* EXERCISE *
Whenever a line in the data below includes the string "with", copy it out.

* DATA EXTRACT *

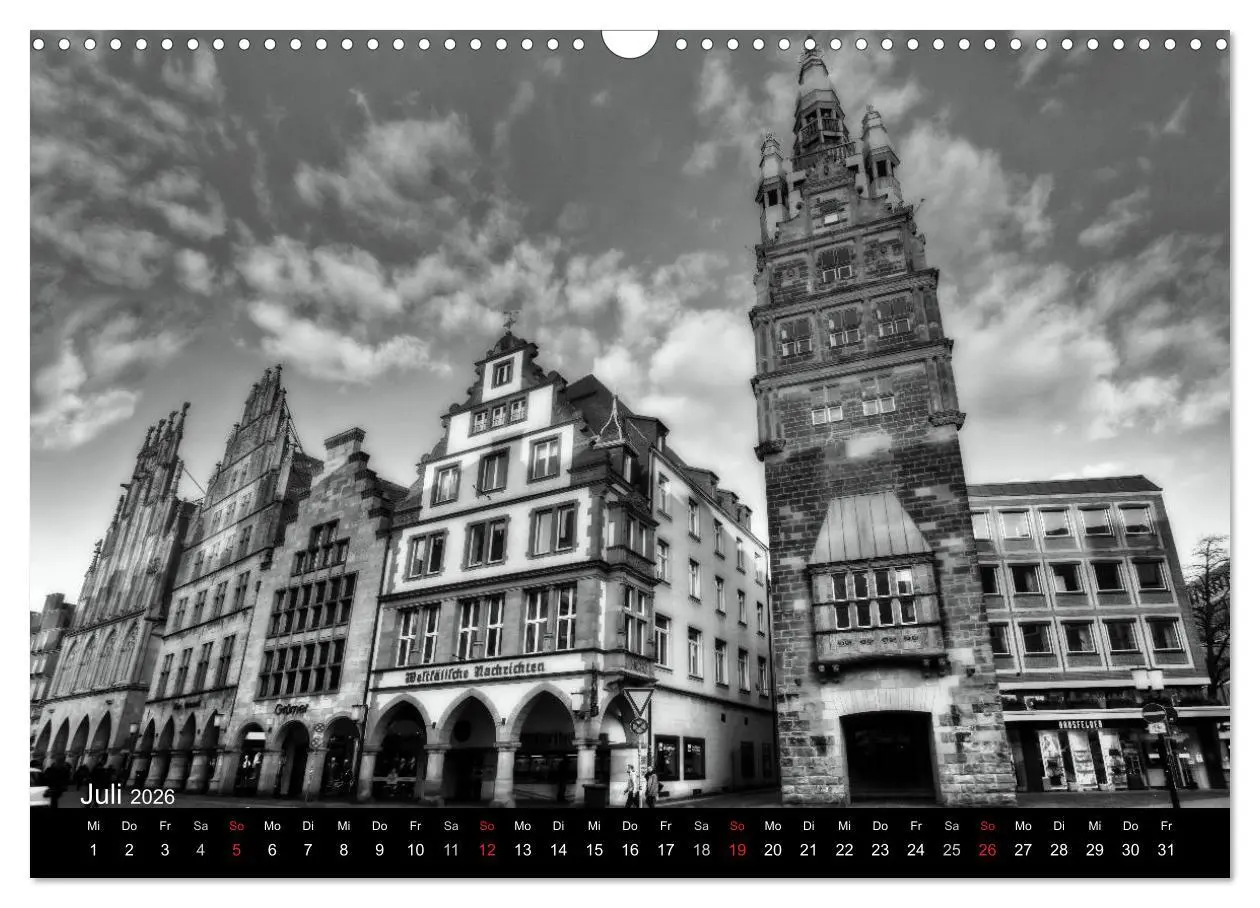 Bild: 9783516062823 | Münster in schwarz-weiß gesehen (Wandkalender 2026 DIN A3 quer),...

==

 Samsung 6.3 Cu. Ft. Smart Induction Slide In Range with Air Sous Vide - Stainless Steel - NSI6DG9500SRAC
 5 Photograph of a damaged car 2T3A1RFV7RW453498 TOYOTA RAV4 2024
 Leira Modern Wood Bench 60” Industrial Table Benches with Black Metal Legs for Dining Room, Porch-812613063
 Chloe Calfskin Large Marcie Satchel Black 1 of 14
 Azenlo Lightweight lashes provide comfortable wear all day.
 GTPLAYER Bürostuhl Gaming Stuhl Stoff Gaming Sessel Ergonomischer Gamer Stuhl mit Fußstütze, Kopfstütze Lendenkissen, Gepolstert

* TASK OUTPUT *
 Samsung 6.3 Cu. Ft. Smart Induction Slide In Range with Air Sous Vide - Stainless Steel - NSI6DG9500SRAC
 Leira Modern Wood Bench 60” Industrial Table Benches with Black Metal Legs for Dining Room, Porch-812613063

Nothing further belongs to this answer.